Conséquence : un memorandum d’entente n’est pas un accord ! Il peut ou ne pas être suivi de concrétisation sans engager l’une ou l’autre partie, voire les deux.
Cette précision est à porter aussi à la pose de la première pierre.
Un certain abus de langage fait dire à plusieurs faiseurs d’opinion que telle personnalité publique (souvent politique) a inauguré tel chantier alors qu’il ne s’agit que de pose de la pierre symbolique ou de la première pierre.
Il arrive que cette pose soit immédiatement suivie du démarrage des travaux. Tout comme il arrive que les travaux suivent plus tard, voire, hélas !, pas du tout.
Cette dernière catégorie nous intéresse, s’agissant du financement.
Des deux choses l’une : l’argent en rapport avec la pose de la première pierre est soit détourné (pour une autre priorité) sinon volé (et là, ça intéresse la justice), soit non disponibilisé à l’échéance convenue.
La non-disponibilisation pourrait avoir plusieurs causes.
Raison pour laquelle il ne sert vraiment à rien d’organiser une cérémonie de pose de première pierre sur base d’un financement non disponible puisqu’en elle-même, la cérémonie protocolaire impose des dépenses.
Conséquence fâcheuse : avant d’affirmer quoi que ce soit sur la pose de la première pierre, tout faiseur d’opinion avisé doit au préalable s’informer, au risque d’être ridicule s’il s’avère qu’il s’est trompé.
C’est le cas également avec des informations sur des contrats sur lesquels on se livre à des commentaires en se contentant de la clameur publique. Sans en connaître les tenants ni les aboutissants, on investit les médias avec des affirmations que la réalité du terrain finit par démonter. Suivez mon regard…
A ce moment précis ou la communication politique, mieux la propagande pré-électorale l’emporte sur l’information, il est indiqué pour les personnes morales ou physiques en charge de cette grosse responsabilité de maîtriser les éléments du langage.
Autrement, dans la confrontation du genre ” pièce contre pièce “, la désillusion pourrait s’avérer ravageuse.
Autant l’est le reniement sur fond ou non de diabolisation.
C’est une pratique (lisez culture) remontant aux années 1990 avec des expressions genre ” le temps des reniements “, ” bal des chauves “, ” transhumance ” ou ” repositionnement ” intégrées dans la terminologie politique congolaise.

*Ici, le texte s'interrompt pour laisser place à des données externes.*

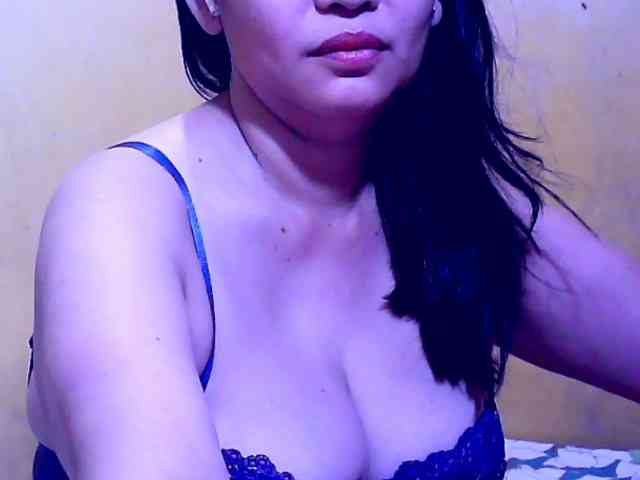 SweetMonlight webcam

Rien – en dehors de la basse flatterie – n’explique dans le chef des acteurs politiques la propension à justifier leur départ par la diabolisation du camp qu’ils quittent après en avoir été le chantre. Simple question de respect du peuple, singulièrement de l’électorat.
Le ” peuple Palu ” avait sévèrement sanctionné son dieu Antoine Gizenga aux élections de 2006. Au premier tour de la présidentielle, il avait entendu tous les leaders du parti diaboliser Joseph Kabila. Et voilà qu’au second tour, il va entendre les mêmes leaders sanctifier le même Kabila. Le report des voix au bénéfice de ce dernier ne représenta que le tiers de l’électorat Palu. En toute logique, le contrat politique n’avait pas été respecté.
On connaît la suite : même si Joseph Kabila avait respecté son engagement en laissant la primature au Palu tout le long du mandat 2006-2011, ce parti ne s’en est plus remis. Qui aurait un jour cru qu’il se livrerait à des empoignades fratricides pour adhérer à l’Union sacrée de la nation ?
Heureusement pour Kabila : il avait un deuxième fer au feu avec l’Udémo de Nzanga Mobutu. Ce qui le sauva…
Moralité : on peut bien quitter X pour Z sans nécessairement diaboliser le partenaire dont on se sépare pour (re)positionnement !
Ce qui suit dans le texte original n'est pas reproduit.